FDI and the Balance of Payments in the 2000s

C.P. Chandrasekhar and Jayati Ghosh

A major component of the economic reform initiated in the 1990s was, and remains, the liberalisation of regulations relating to the inflow and terms of operation of foreign direct investment (FDI). An important reason for seeking to attract such capital is the belief that such inflows, besides enhancing the level of foreign exchange reserves in the short run, would use India as a base for world market production, improve the competitiveness of Indian industry, increase exports and render the balance of payments sustainable in the medium and long term. As a result, successive governments have sought to better past records in terms of the annual inflow of such investments.

It cannot be denied that these efforts at attracting inflows have been successful. While there is reason to be wary about treating all recorded FDI as consisting of capital entering the country with a long-term, productive interest, especially since it requires just 10 per cent equity by a single foreign investor for a firm to be treated as a foreign direct investment company (FDIC), a substantial inflow of capital under this head cannot be denied. FDI inflows which stood at about $2 billion in the middle of the 1990s and touched $4 billion in 2000-01 rose sharply to $6 billion in 2004-05, and then registered a sharp spike to touch $22.8 billion in 2006-07, $34.8 billion in 2007-08, and $35.3 billion in 2008-09 (Chart 1).

Not all of this, it must be noted, is investment in greenfield projects. In the wake of liberalisation of ceilings on foreign shareholding, from the 40 per cent level required for national treatment under FERA, a number of companies already in operation in the country raised the foreign stake in their paid-up capital through issue of new shares to the foreign investor.

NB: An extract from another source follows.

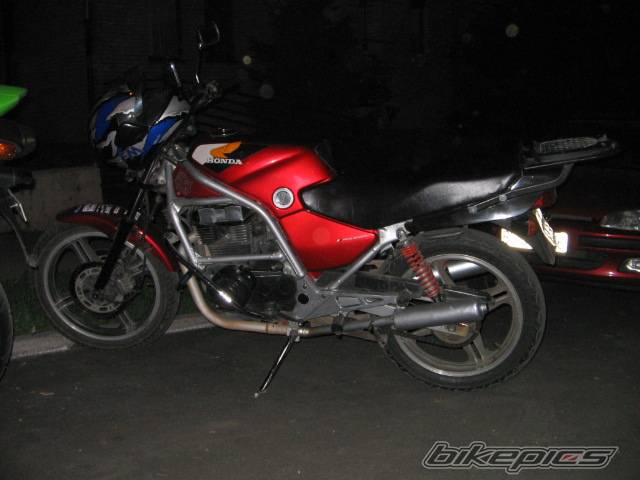 1987 HONDA CB 450 | Picture 414172 motorcycle photo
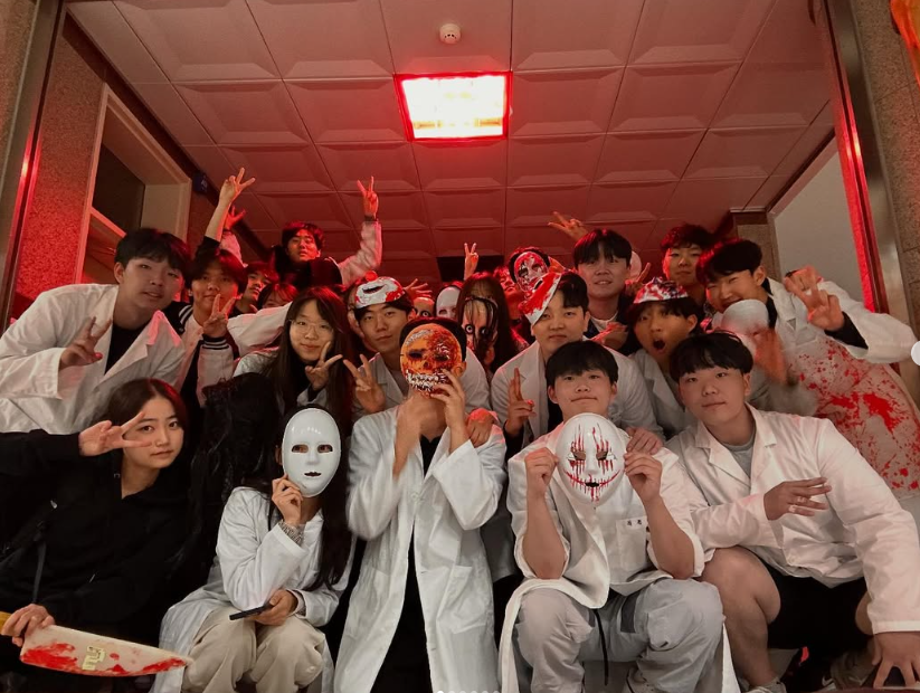 예과학생회 귀신의집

Further, there have been a large number of cases of foreign firms acquiring wholly Indian ones. Data relating to inflows on account of acquisition of shares of Indian companies by non-residents under section 29 of FERA and Section 6 of FEMA is available from January 1996. While the share of FDI inflows on this account has been substantial in some years, accounting for 23 per cent of the total in 2006-07 for example, the figure has generally been around 15 per cent of the total.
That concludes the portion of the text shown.